Foundations of Deep Learning
NYU Tandon, Spring 2022

Chapter 3 - The role of depth

For shallow networks, we now know upper bounds on the number of neurons required to “represent” data, where representation is measured either in the sense of exact interpolation (or memorization), or in the sense of universal approximation.

We will continue to revisit these bounds when other important questions such as optimization/learning and out-of-sample generalization arise. In some cases, these bounds are even tight, meaning that we could not hope to do any better.

Which leads us to the natural next question:

Does depth buy us anything at all?

If we have already gotten (some) tight results using shallow models, should there be any theoretical benefits in pursuing analysis of deep networks? Two reasons why answering this question is important:

One, after all, this is a course on “deep” learning theory, so we cannot avoid this question.

But two, for the last decade or so, a lot of folks have been trying very hard to replicate the success of deep networks with highly tuned shallow models (such as kernel machines), but so far have come up short. Understanding precisely why and where shallow models fall short (while deep models succeed) is therefore of importance.

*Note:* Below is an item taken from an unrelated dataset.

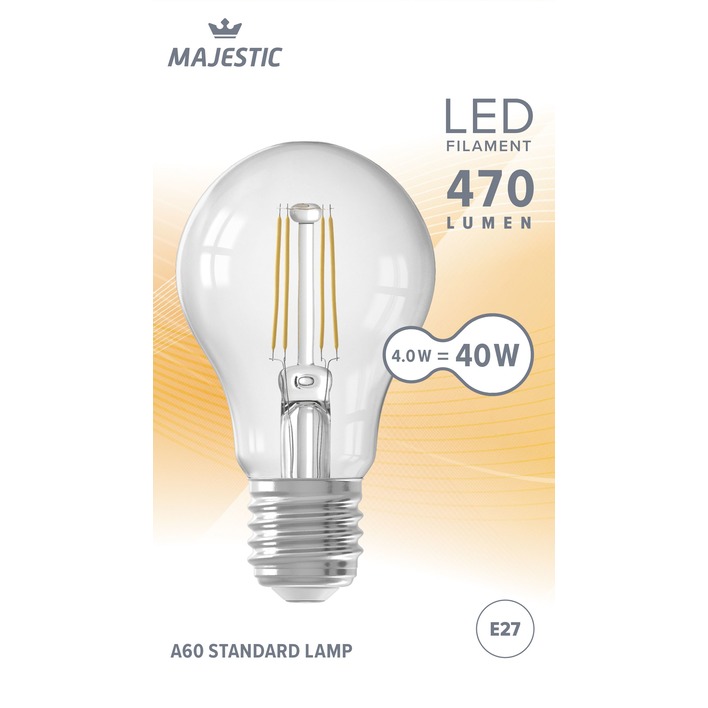 Majestic Led fil standaard helder E27 40W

A full answer to the question that we posed above remains elusive, and indeed theory does not tell us too much about why depth in neural networks is important (or whether it is necessary at all!) See the last paragraph of Belkin’s monograph1 for some speculation. To quote another paper by Shankar et al.2:

“…the question remains open whether the performance gap between kernels and neural networks indicates a fundamental limitation of kernel methods or merely an engineering hurdle that can be overcome.”

Nonetheless: progress can be made in some limited cases. In this note, we will visit several interesting results that highlight the importance of network depth in the context of representation power. Later we will revisit this in the context of optimization.

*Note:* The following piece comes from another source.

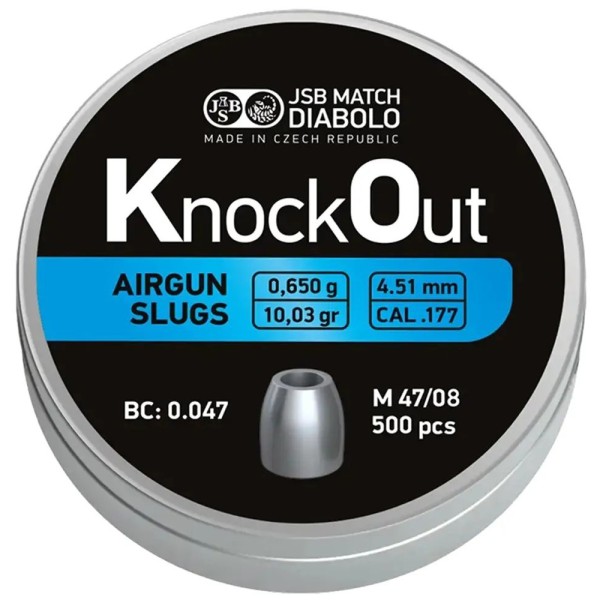 Пули пневматические JSB Diabolo KnockOut Slugs 177 MK3 4,51 мм 0,650 гр (500 шт/уп)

Let us focus on “reasonable-width” networks of depth $L > 2$ (because we already know from universal approximation that exponential-width networks of depth-2 can represent pretty much anything we like.) There are two angles of inquiry:

  • Approach 1: prove that there exist datasets of some large enough size that can only be memorized by networks of depth $\Omega(L)$, but not by networks of depth $o(L)$.

  • Approach 2: prove that there exist classes of functions that can be $\varepsilon$-approximated only by networks of depth $\Omega(L)$, but not by networks of depth $o(L)$.

Theorems of either type are called depth separation results. Let us start with the latter.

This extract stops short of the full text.